In the meantime, I’ve been reading Severs’ own description of it and its (re)creation as a piece of living history, simply titled 18 Folgate Street: The Tale of A House in Spitalfields. The book is as delightfully nutty and eccentric as the house in the flesh. (Although I have to confess I’m not entirely convinced by his naive-style collages, which illustrate it.)

Yet it does explain the house very well. Indeed if I had to sum it up on one phrase it is in his definition of atmosphere as “the space between things. Severs, an American who emigrated to London to seek his natural home, created what might be called an imaginary theatre display – a whole family lives – eats, sleeps and breathes – in the house, but they’ve always just left the room before you entered – leaving a scent, a half-eaten apple, or other similar signs of their presence.

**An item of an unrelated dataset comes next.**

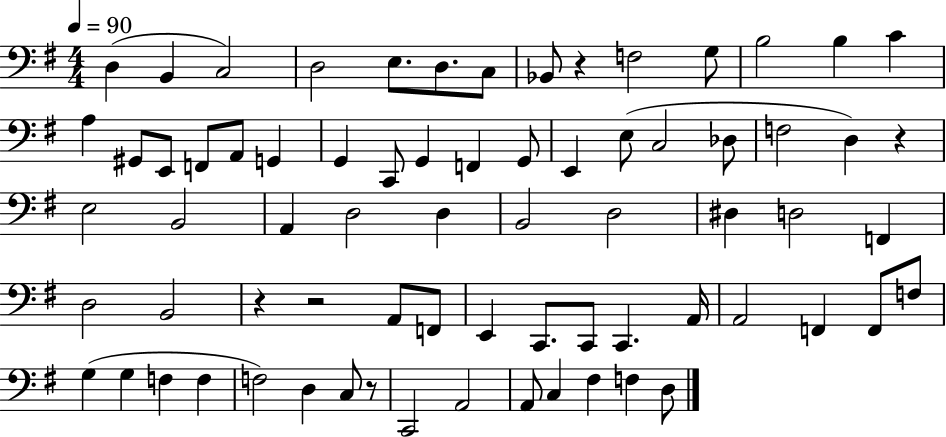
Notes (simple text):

D3/q B2/q C3/h D3/h E3/e. D3/e. C3/e Bb2/e R/q F3/h G3/e B3/h B3/q C4/q A3/q G#2/e E2/e F2/e A2/e G2/q G2/q C2/e G2/q F2/q G2/e E2/q E3/e C3/h Db3/e F3/h D3/q R/q E3/h B2/h A2/q D3/h D3/q B2/h D3/h D#3/q D3/h F2/q D3/h B2/h R/q R/h A2/e F2/e E2/q C2/e. C2/e C2/q. A2/s A2/h F2/q F2/e F3/e G3/q G3/q F3/q F3/q F3/h D3/q C3/e R/e C2/h A2/h A2/e C3/q F#3/q F3/q D3/e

It is fascinating to read what is original in the house, and the huge job that Severs, with no income (he lived on scavenged vegetables from the nearby market, cooked in the fireplaces with broken-up pallets from the same source), during the reconstruction), took on. He describes the kitchen: “Though much of the ceiling was lying under my feet on the floor and the carcass of a dead dog had been tossed through a broken window from the street, the fabric of the room was complete. The original dresser and wooden interior was here, the sash windows with thick glazing cars, the fireplace and even the original lead plumbing and linseed white paint, all honey-brown with age.”

Upstairs, the drawing room “was a real mess. The panelling had been covered with a thin board, and then wallpapered and more recently painted a pale violet. Literally thousands of nails had to be removed and each hole filled … £185, four dozen candles, two borrowed tools and a kerbstone outside to employ as a sandpaper were really all I had.”

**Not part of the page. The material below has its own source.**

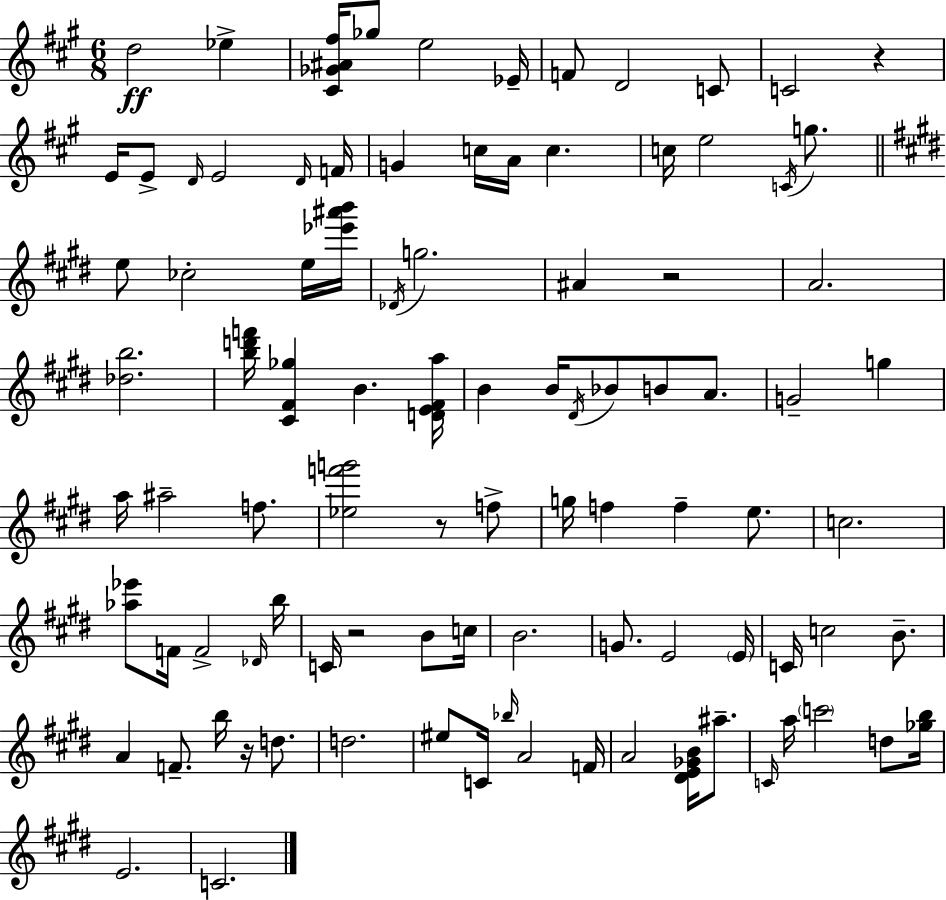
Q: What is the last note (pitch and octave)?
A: C4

The book also makes clear how Severs saw the generational shifts in the house’s history as part of the broader trends. He was no academic scholar – perhaps impressionistic scholar is the right term – yet he was obviously well-read. So he writes of the 18th century:

“Reason is indeed taking control … instead of windows that open out from the centre – as did old casements in the seventeenth century, to get caught by wind or by fire – Reason has asked us to invent the ‘sash’ window instead. … And if floors are often so crooked that hey make four table legs wobble, then surely three legs – or ‘tripod’ will straddle. So the reasonable Georgians developed, built and bought their tripod tables.”

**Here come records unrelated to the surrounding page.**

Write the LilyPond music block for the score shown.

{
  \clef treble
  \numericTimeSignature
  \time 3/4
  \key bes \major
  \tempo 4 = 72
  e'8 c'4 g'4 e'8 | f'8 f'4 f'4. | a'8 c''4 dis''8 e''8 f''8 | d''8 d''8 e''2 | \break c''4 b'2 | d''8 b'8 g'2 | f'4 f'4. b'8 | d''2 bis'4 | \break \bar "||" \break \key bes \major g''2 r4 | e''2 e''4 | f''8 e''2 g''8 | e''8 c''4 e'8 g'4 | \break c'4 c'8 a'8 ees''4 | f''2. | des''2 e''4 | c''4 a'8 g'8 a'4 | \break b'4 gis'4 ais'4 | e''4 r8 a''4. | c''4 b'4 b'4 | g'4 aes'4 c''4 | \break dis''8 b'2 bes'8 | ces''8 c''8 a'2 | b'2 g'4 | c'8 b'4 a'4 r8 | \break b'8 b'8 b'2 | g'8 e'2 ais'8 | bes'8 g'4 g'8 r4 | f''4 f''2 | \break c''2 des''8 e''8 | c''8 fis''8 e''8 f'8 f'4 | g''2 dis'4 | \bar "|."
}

So in that much abused Drawing Room he is delighted to find the hearth had been moved from one side of the room to the centre of one wall – a massive job, but one that introduced symmetry, balance – indeed Reason – to the room. And he tells his readers that the term “well-heeled” is supposed to be derived from the court of Louis XIV, who liked to display his shapely legs and fine dancing style to best advantage. When still, the king would have adopted the “elegant” first stance, with the right foot forward before the left, heels touching and the toes pointing out at roughly 30 degree angles. “‘Ten minutes to two,’ Mrs Jervis will often shout to her children and servants when an important guest is being conducted up from the hall.”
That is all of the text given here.